_ACTIVITY_
Output the records exactly, and drop each picture.

Start of EXTRACTED RECORDS

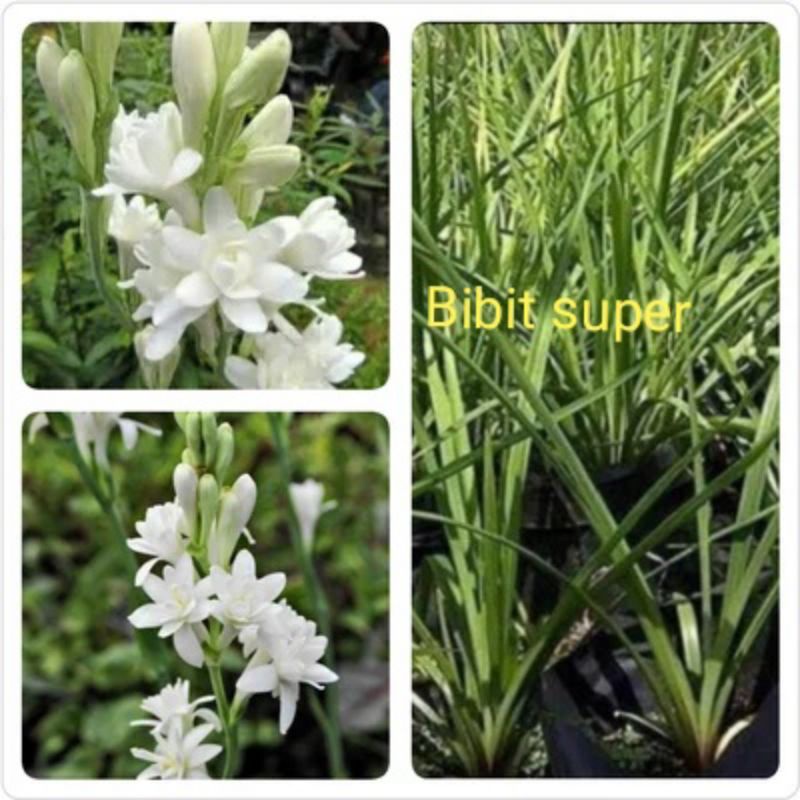 Bibit bunga sedap malam wangi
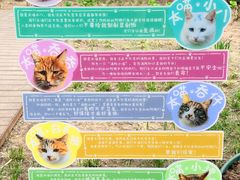 -北京市劳动人民文化宫(太庙)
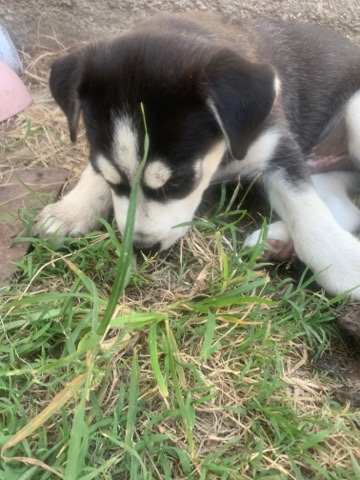 Siberian Husky – husky puppies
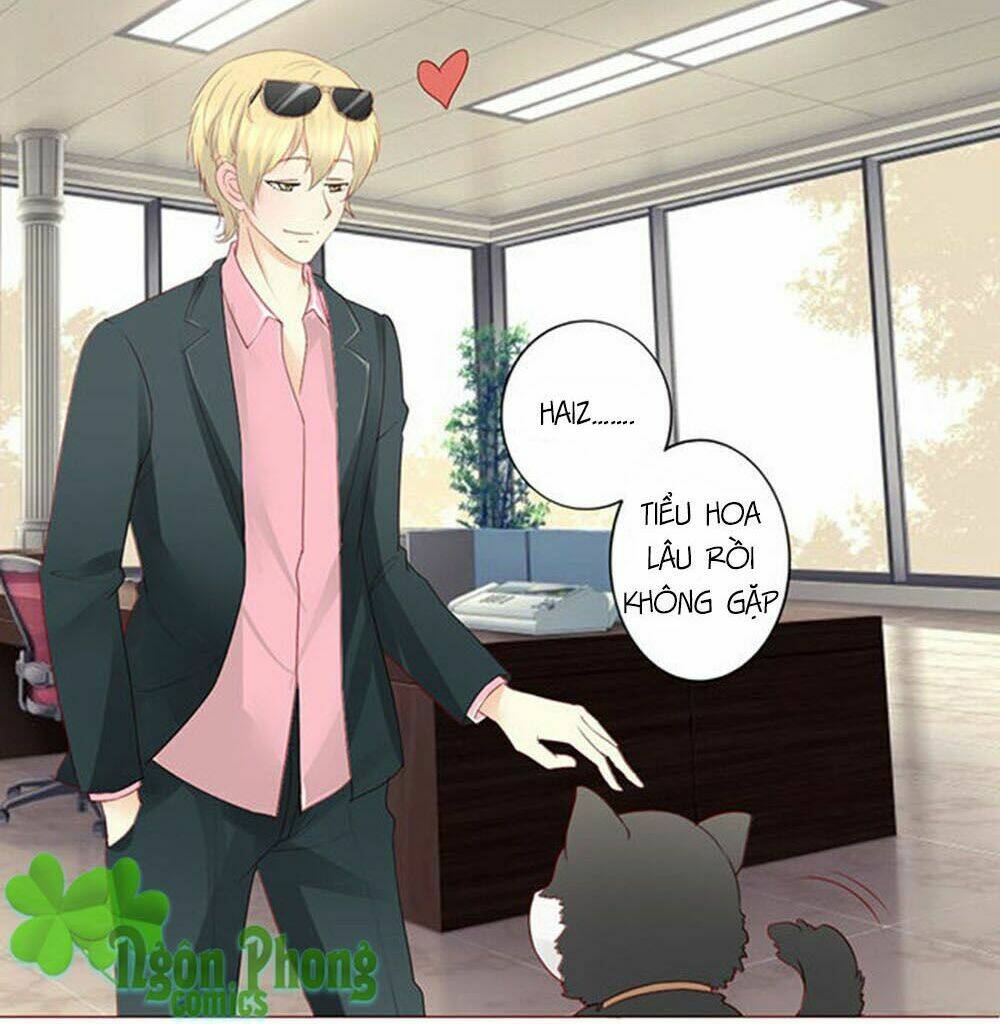 tổng tài bá đạo là gay chapter 6 15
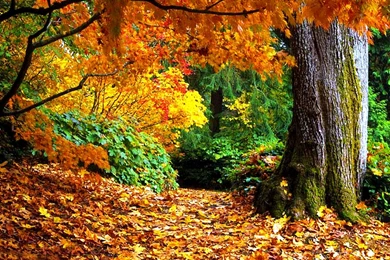 Free Fall Wallpapers Pictures Forest Photos Of Free Fall Wallpapers ...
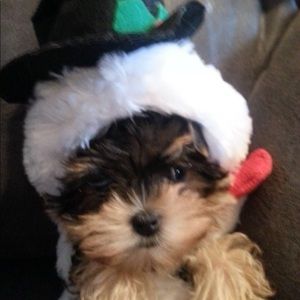 Meet your Posher, Joni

End of EXTRACTED RECORDS

_RESULT FOR THIS EXERCISE_
 Bibit bunga sedap malam wangi
 -北京市劳动人民文化宫(太庙)
 Siberian Husky – husky puppies
 tổng tài bá đạo là gay chapter 6 15
 Free Fall Wallpapers Pictures Forest Photos Of Free Fall Wallpapers ...
 Meet your Posher, Joni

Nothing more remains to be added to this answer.